De PRESIDENT: Dr. Sauter, als u de getuige over deze brief verhoort moet u de hele brief als bewijsmateriaal indienen.
Dr. SAUTER: Dat is de verklaring die getuige heeft afgelegd over de ....
De PRESIDENT: Ik twijfel er niet aan; ik zeg alleen maar dat wanneer u hem over die brief verhoort en hem die brief voorlegt, dan moet u hem als bewijsmateriaal indienen. Hebt u er een afschrift van?
Dr. SAUTER: Ja. Het staat in de verklaring die de Aanklager gisteren aan getuige heeft voorgelegd en in verband waarmee getuige de verklaring heeft afgelegd dat hij die juist vindt en hem zal herhalen.

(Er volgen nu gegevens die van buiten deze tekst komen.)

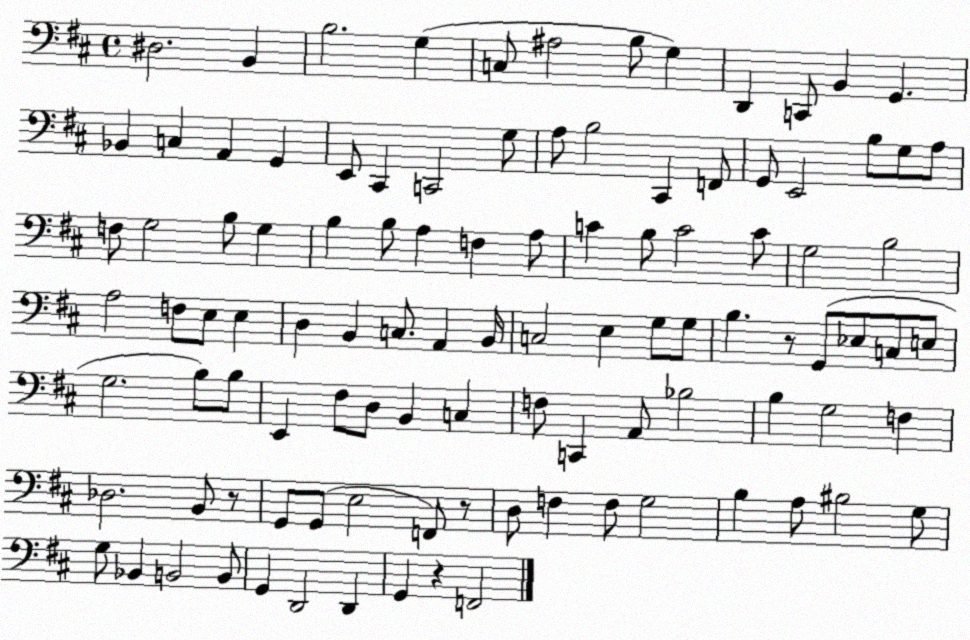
X:1
T:Untitled
M:4/4
L:1/4
K:D
^D,2 B,, B,2 G, C,/2 ^A,2 B,/2 G, D,, C,,/2 B,, G,, _B,, C, A,, G,, E,,/2 ^C,, C,,2 G,/2 A,/2 B,2 ^C,, F,,/2 G,,/2 E,,2 B,/2 G,/2 A,/2 F,/2 G,2 B,/2 G, B, B,/2 A, F, A,/2 C B,/2 C2 C/2 G,2 B,2 A,2 F,/2 E,/2 E, D, B,, C,/2 A,, B,,/4 C,2 E, G,/2 G,/2 B, z/2 G,,/2 _E,/2 C,/2 E,/2 G,2 B,/2 B,/2 E,, ^F,/2 D,/2 B,, C, F,/2 C,, A,,/2 _B,2 B, G,2 F, _D,2 B,,/2 z/2 G,,/2 G,,/2 E,2 F,,/2 z/2 D,/2 F, F,/2 G,2 B, A,/2 ^B,2 G,/2 G,/2 _B,, B,,2 B,,/2 G,, D,,2 D,, G,, z F,,2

De PRESIDENT: Ja, ik begrijp het. Ik was er niet zeker van of die in feite was ingediend of dat die is teruggetrokken na de belofte om de getuige op te roepen. Is de brief ook ingediend?
Dr. SAUTER: Maar de getuige heeft gezegd, nadat de Aanklager het hem had gevraagd, dat hij die verklaring zal herhalen.
De PRESIDENT: Mr. Willey, is de brief ingediend?
Mr. HAROLD B. WILLEY (Amerikaanse griffier): Die is niet ingediend, nee.
De PRESIDENT: Goed, u kunt verder gaan met uw verhoor maar het document moet worden ingediend, dat is alles.
Dr. SAUTER: (tot de getuige) Ik zou nu willen weten getuige wat u bedoelt met “de regering Hitler” Bedoelt u de Partijleiders of het Reichskabinett of wat bedoelt u precies?
PAULUS: Ik bedoel iedereen die verantwoordelijk is.
Dr. SAUTER: Ik zou willen dat u de vraag wat nauwkeuriger beantwoordt.
PAULUS: In mijn verklaring gisteren heb ik alleen maar uitgelegd wat ik zelf heb gezien, wat ik zelf heb ervaren. Ik had niet de bedoeling uitspraken te doen over individuele personen in de regering omdat dat buiten mijn kennis zou vallen.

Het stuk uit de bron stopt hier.